Agent Systems Reference Model (ASRM)

The agent systems reference model (ASRM) is a layered, abstract description for multiagent systems. As such, the reference model

  • provides a taxonomy of terms, concepts and definitions to compare agent systems;
  • identifies functional elements that are common in agent systems;
  • captures data flow and dependencies among the functional elements in agent systems; and
  • specifies assumptions and requirements regarding the dependencies among these elements.

The ASRM differentiates itself from technical standards, such as Knowledge Interchange Format, Knowledge Query and Manipulation Language, and those of the Foundation for Intelligent Physical Agents in that it defines the required existence of components of a multiagent system; standards prescribe how they are designed.[1]

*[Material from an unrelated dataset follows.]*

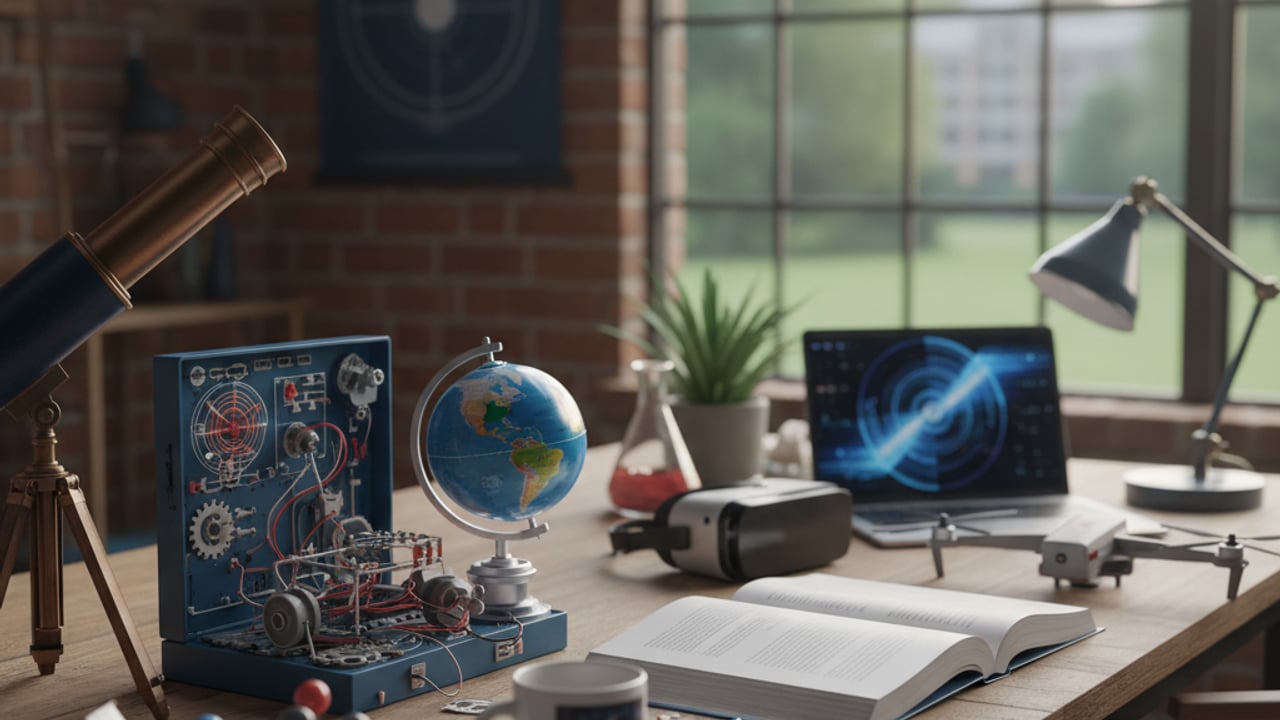 Best Gifts for Science Students in General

The ASRM provides a model for software systems composed of agents. It establishes terms, concepts, and definitions required to compare agent systems. The ASRM defines an intelligent agent - or simply agent - as situated computational processes that embody one or more of the following qualities: autonomy, proactivity, interactivity, continuous, sociality, and/or mobility. The ASRM also formalizes concepts and layers of organization in an agent-based system. The layers are: agents, frameworks, platforms, hosts, and environments. An agent-based system is the set of frameworks, the agents that execute in them, the platform (other software) that supports them and the hosts (hardware) upon which they execute. The ASRM describes an agent system as a set of abstract functional concepts that support overall system execution. The functional concepts represent the complex interactions between software and hardware located at different layers of the agent system. The functional concepts are as follows:

  • Agent Administration facilitates and enables command and control of agents and allocates resources to those agents as needed.
  • Security and Survivability prevents execution of undesirable actions within an agent system while allowing execution of desirable actions.
  • Mobility facilitates and enables the migration of agents among framework instances (typically, but not necessarily, on different hosts)
  • Conflict Management facilitates and enables the management of interdependencies between agents activities and decisions.
  • Messaging facilitates and enables information and data transfer among agents in the system.
  • Logging facilitates and enables information about events to be recorded occurring during system execution for subsequent inspection.
  • Directory Services facilitates and enables the locating and accessing of shared resources.[2]

Abstract model of an Agent System.(See Illustration Below)
Such systems decompose into several layers of hardware and software that provide an operating context for agents, situated computational process that sense and affect their environment. Note that the relationships across layers may be n-to-1.

Agent Systems Reference Model (ASRM)

Applicability of Agent Systems Reference Model (ASRM) [3]
The ASRM is applicable to existing agent frameworks and will be applicable to all those in the future, as well. The ASRM is designed by extracting commonalities between existing frameworks and by applying existing agent research. The ASRM provides a common ontology for agent frameworks. Previous systems benefit from this model since a language is provided for describing the advantages and disadvantages of each system. Developers of future frameworks will have a blueprint to follow, forming the basis on which all agent systems—past, present, and future—are compared. System engineering tasks also benefit from the reference model because the information used to construct the model was gathered using both common and specially developed analysis techniques. Previously built systems were analyzed and compared in order to piece together a common model. These techniques are applicable to the analysis of almost any system since they, too, are built piece by piece. The reverse engineering techniques specifically geared towards agent systems can be applied in a similar fashion to other systems. Further, the techniques themselves can be studied and improved. Agent frameworks are very similar to operating systems, so these reverse engineering techniques also apply in this realm. The reference model provides a common ontology, innovative and practical system engineering techniques, and software development guidance. All of these ideas support evolving Agent Frameworks and Application Program Interfaces (APIs) - past, present, and future. If the ASRM is used correctly, the result will be independently developed software agents and agencies capable of interoperating in a heterogeneous environment.